For this exercise, write out exactly the lines from the line containing "Imagen durante la" through the last line of the records, and no other lines.

**** TASK INPUTS

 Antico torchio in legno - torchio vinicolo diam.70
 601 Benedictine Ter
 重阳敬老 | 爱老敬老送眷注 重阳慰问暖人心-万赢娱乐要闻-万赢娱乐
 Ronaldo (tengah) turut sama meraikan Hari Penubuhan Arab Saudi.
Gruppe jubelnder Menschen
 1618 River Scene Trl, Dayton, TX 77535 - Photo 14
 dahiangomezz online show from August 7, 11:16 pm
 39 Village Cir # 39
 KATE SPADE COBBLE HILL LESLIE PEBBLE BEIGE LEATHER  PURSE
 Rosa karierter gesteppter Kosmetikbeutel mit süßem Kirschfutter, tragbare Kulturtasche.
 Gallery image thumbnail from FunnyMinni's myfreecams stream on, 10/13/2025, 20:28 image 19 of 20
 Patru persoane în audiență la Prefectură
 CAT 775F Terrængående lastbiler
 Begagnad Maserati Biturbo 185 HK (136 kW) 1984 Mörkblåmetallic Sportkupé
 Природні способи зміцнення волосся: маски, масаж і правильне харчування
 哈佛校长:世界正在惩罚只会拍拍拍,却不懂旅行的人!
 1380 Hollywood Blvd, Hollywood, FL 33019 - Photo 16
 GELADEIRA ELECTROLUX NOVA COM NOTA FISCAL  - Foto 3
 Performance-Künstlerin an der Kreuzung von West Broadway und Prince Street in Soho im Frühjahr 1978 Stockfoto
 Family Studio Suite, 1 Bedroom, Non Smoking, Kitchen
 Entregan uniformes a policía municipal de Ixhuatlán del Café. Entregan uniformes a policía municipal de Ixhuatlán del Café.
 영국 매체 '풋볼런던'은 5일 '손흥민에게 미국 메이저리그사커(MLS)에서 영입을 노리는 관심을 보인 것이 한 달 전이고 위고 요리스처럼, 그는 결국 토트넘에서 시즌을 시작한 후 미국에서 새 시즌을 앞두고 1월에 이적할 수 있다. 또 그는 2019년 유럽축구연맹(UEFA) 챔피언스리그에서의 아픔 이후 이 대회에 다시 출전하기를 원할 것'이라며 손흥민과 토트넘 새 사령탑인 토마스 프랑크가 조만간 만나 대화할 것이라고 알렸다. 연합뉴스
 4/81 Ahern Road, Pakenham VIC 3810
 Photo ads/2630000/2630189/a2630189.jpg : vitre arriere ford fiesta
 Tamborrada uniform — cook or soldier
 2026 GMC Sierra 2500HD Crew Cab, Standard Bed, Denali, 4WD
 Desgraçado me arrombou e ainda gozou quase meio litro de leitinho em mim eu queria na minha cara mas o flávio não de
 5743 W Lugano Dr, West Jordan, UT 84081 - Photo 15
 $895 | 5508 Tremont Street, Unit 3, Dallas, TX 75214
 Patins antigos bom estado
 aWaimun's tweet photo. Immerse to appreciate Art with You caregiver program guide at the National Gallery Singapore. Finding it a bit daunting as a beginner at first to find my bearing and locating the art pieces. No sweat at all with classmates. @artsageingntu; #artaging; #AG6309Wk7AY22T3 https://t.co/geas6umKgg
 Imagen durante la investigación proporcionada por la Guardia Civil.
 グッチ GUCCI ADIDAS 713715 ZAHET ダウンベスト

********

TASK RESULT:
 Imagen durante la investigación proporcionada por la Guardia Civil.
 グッチ GUCCI ADIDAS 713715 ZAHET ダウンベスト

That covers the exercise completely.